6: ELENA: La induco a fare un bocchino al suo capo


Dopo quell'esperienza con Domenico, io e mia moglie ci concedemmo una pausa.
O meglio, continuando a fantasticare durante i nostri rapporti, abbiamo pure fatto qualche incontro, con coppie e con singoli ma sporadicamente e nulla di veramente eccitante. 

A dire la verità... tutto ciò che seguì all'esperienza con Domenico, risultò piuttosto deludente, al punto che Elena si dichiarò contraria a voler proseguire questo gioco. 

Ma guarda tu che scherzi che fa fare a ragionare col cazzo anziché col cervello!

Voglio dire... proprio la sua ritrosia aveva innescato in me, ancor più forte, la voglia di farle vivere proprio ciò che non le garbava! 

Volevo che fosse la mia troia e che facesse ciò che volevo. Tanto sapevo che si sarebbe divertita anche lei. Anzi, lei più di tutti.

Lo sapevo, perché io e mia moglie avevamo una sintonia invidiabile a letto e riscontravamo ogni volta, su molte fantasie, gli stessi gusti.

C'erano cose che ci attizzavano entrambe ma su alcune cose, come queste sto per confessare, eravamo discordi; e lei non voleva sentire ragioni di assecondare le mie porche fantasie!

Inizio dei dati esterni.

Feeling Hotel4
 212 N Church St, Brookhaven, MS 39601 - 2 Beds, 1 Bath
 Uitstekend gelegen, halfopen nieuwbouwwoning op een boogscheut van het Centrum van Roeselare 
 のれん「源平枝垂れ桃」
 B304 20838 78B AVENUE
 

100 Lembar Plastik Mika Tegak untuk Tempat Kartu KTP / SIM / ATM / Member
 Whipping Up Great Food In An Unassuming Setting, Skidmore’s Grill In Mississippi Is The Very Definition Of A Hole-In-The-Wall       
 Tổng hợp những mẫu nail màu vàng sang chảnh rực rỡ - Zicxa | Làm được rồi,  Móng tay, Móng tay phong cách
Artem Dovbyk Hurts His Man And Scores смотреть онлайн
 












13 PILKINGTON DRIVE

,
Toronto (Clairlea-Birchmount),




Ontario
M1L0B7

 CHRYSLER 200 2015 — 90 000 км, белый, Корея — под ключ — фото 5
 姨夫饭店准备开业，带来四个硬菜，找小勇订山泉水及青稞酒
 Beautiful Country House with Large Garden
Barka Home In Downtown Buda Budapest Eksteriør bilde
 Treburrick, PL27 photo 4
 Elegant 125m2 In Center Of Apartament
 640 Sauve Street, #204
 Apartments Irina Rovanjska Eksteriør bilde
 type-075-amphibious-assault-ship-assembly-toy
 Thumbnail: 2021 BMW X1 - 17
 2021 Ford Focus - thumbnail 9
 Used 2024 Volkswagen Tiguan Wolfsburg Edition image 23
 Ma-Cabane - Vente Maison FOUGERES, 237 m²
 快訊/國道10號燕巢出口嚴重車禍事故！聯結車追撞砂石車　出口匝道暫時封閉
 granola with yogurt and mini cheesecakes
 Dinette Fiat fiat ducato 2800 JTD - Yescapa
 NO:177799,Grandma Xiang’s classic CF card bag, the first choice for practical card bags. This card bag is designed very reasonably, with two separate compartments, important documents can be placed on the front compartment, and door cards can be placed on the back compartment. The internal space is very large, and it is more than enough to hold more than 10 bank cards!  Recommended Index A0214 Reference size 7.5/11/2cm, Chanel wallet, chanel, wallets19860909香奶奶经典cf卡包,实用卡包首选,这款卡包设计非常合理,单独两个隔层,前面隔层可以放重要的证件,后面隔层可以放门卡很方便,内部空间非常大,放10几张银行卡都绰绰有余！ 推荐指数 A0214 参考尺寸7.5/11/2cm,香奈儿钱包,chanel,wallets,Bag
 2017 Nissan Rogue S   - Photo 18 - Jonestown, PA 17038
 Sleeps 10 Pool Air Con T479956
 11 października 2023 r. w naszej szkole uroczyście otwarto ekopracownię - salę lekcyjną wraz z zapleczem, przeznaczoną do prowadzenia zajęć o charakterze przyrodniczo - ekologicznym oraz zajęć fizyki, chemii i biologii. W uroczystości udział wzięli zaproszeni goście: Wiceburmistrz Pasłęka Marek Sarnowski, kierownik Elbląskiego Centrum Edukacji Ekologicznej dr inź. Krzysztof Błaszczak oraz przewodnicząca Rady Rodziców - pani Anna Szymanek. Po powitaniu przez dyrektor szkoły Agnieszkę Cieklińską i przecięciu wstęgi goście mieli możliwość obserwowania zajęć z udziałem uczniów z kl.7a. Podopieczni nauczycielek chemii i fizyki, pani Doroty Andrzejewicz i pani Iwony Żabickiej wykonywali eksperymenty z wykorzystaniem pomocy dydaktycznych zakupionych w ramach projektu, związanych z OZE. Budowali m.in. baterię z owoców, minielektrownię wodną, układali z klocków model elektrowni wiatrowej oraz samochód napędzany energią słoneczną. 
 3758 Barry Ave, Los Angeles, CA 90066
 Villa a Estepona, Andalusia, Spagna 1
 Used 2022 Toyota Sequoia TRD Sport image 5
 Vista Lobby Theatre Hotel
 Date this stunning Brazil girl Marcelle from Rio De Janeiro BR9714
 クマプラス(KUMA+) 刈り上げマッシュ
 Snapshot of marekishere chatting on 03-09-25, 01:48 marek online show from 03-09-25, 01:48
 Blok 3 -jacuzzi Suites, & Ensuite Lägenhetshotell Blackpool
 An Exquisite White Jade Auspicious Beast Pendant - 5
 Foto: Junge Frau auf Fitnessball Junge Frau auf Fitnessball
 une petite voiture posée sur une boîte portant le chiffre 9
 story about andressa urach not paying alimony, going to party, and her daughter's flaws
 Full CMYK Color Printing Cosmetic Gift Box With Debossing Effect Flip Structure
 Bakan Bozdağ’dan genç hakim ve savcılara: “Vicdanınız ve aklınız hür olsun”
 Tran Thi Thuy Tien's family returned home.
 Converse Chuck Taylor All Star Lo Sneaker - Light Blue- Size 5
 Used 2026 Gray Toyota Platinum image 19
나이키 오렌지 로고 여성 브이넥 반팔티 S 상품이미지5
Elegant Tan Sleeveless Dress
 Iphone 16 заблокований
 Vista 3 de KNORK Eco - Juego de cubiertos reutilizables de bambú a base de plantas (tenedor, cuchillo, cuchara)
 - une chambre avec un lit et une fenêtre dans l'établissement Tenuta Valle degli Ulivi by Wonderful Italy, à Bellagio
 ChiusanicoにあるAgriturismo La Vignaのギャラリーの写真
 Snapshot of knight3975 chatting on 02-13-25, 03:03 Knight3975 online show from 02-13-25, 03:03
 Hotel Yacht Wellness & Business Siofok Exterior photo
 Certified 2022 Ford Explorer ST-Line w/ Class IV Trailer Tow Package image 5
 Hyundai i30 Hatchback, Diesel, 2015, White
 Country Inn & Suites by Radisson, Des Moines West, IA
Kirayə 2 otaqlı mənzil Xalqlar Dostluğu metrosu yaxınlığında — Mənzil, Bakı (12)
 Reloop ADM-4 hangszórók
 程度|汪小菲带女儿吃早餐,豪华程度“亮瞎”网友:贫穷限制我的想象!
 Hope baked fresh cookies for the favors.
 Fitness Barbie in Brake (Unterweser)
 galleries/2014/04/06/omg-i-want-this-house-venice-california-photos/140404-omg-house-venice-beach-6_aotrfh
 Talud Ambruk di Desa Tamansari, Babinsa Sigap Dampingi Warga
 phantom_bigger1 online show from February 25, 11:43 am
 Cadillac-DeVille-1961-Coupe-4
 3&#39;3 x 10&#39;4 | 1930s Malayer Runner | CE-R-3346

La prima era che non voleva saperne di "incontrare" da sola. Esigeva infatti che io fossi sempre presente alle varie performance che organizzavamo.

E la seconda: non voleva avere contatti con ragazzi di colore.

fu così che mi prodigai per realizzarle entrambe. 

Eh, si! Non mi facevo capace delle sue argomentazioni
per di più volevo soffrire (sicuro!) di piacere nel saperla con un altro e senza la mia presenza. 

Inoltre, volevo vederla anche alle prese con un cazzone nero.

Ed ecco la prima situazione...

Stavo dicendo che lei non voleva andare da sola agli incontri che le organizzavo.

Forse perché temeva di non avere quel controllo che, invece, aveva quando eravamo insieme; o, forse, perché se c'ero io si sentiva più tranquilla e autorizzata a trasgredire; oppure perché non voleva vedersi limitata nella possibilità di tirarsi indietro o di rifiutare il rapporto, nel caso in cui la situazione non fosse stata di suo gradimento. O, forse, per paura che quel gioco l'avrebbe portata a superare quei confini oltre i quali non si torna indietro. Boh!? Confesso che ancora oggi non lo so, non ne conosco i motivi...

So soltanto che dovetti faticare un bel po' e lavorare di fino per convincerla ad andare da sola. La prima volta soprattutto.

Quando capitava nella nostra intimità, che ci lasciavamo andare alle nostre confidenze erotiche, io provavo a tirar fuori l'argomento. Sondavo fin dove ci saremmo potuti spingere. Poco per volta la portai a rivedere la sua posizione.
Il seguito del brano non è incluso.